I thought about this as I returned to Greece recently on another “Legacy of Alexander the Great” tour, this time with The Metropolitan Museum of Art and Arrangements Abroad. I thought about this as we swept by plane from Thessaloniki — Greece’s second largest city, named for one of Alexander’s younger sisters — spitj to Athens, the capital, on a 12-day tour that included buscapades to many of the nation’s most important museums and archaeological sites.
I thought about this as I watched Germans, Asians and African-Americans — to name but three distinct non-Greek groups — swarm over Delphi, site of the Temple of Apollo and his prophetic priestess, whom Alexander visited before embarking on his successful conquest of the Persian Empire (in 331 B.C.) that would change the locus of power and culture from East to West and cement the tension between the two that is still being played out in America’s relationship with Iraq, Afghanistan and, now, Iran — the heart of Alexander’s old empire. (Told that the priestess was off the day he visited, Alexander nonetheless sought her out and dragged her back to her tripod for divination, whereupon she replied, “My son, you are invincible.” OK, maybe she just said, “You’re a persistent cuss, aren’t you?” In any event, Alexander got the answer he sought. Seekers always got the answer they sought, the prophecy having to be general enough to uphold the oracle’s reputation.)

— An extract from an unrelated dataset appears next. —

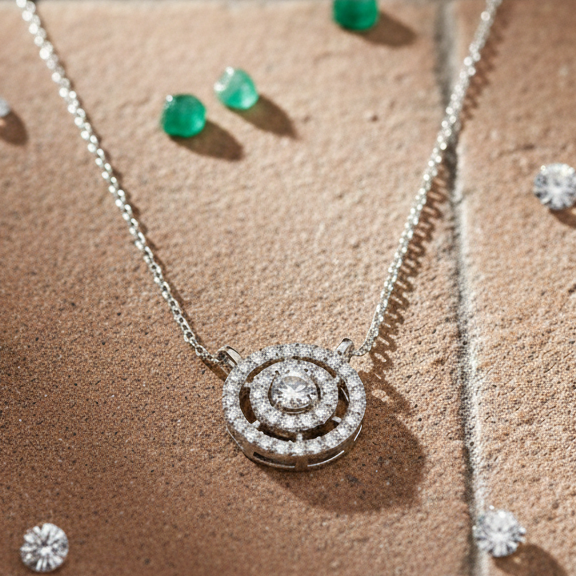 Double Halo Solitaire CZ Pendant | 925 Sterling Silver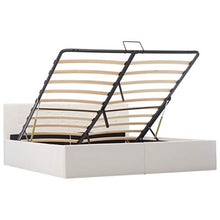 SKM Giroletto con Contenitore Idraulico Bianco Similpelle 160x200 cm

What is the real legacy of Alexander and the rest of the ancient Greeks? They along with the earlier Egyptians and the later Romans created the Western civilization that we are heirs to. Not everyone is inured in Western civ, as it used to be known in school — although given the history of the world, it’s hard to imagine a culture the West has not interacted with.
But fair enough. In South America, Africa and parts of Asia, the West was an evil, colonizing influence. Still, why must we throw out the cultural baby with the colonial bathwater? There is much that is great in Western culture. Alexander, for instance, taught me much about leading from the front and coping with difficult parents, His tutor, Aristotle — subject of Edith Hall’s brilliant new book, “Aristotle’s Way” — made me realize that people are friends in spots and that I shouldn’t expect much from a friendship based on mutual usefulness.
If you were to ask me the greatest legacy of the Greeks — beyond their contributions to mathematics, the sciences, philosophy, literature, the visual arts, all of which Alexander’s conquest disseminated — I would say it was their brilliant understanding and upholding of the individual mind.
So the ancient Greeks aren’t everyone’s ancestors. But they are the ancestors of American civilization, which has welcomed many cultures. We should accept these cultures. But by the same token, they should respect the underpinning of American culture.
Failing to understand this invites a kind of knee-jerk response that is the essence of Trumpian nationalism.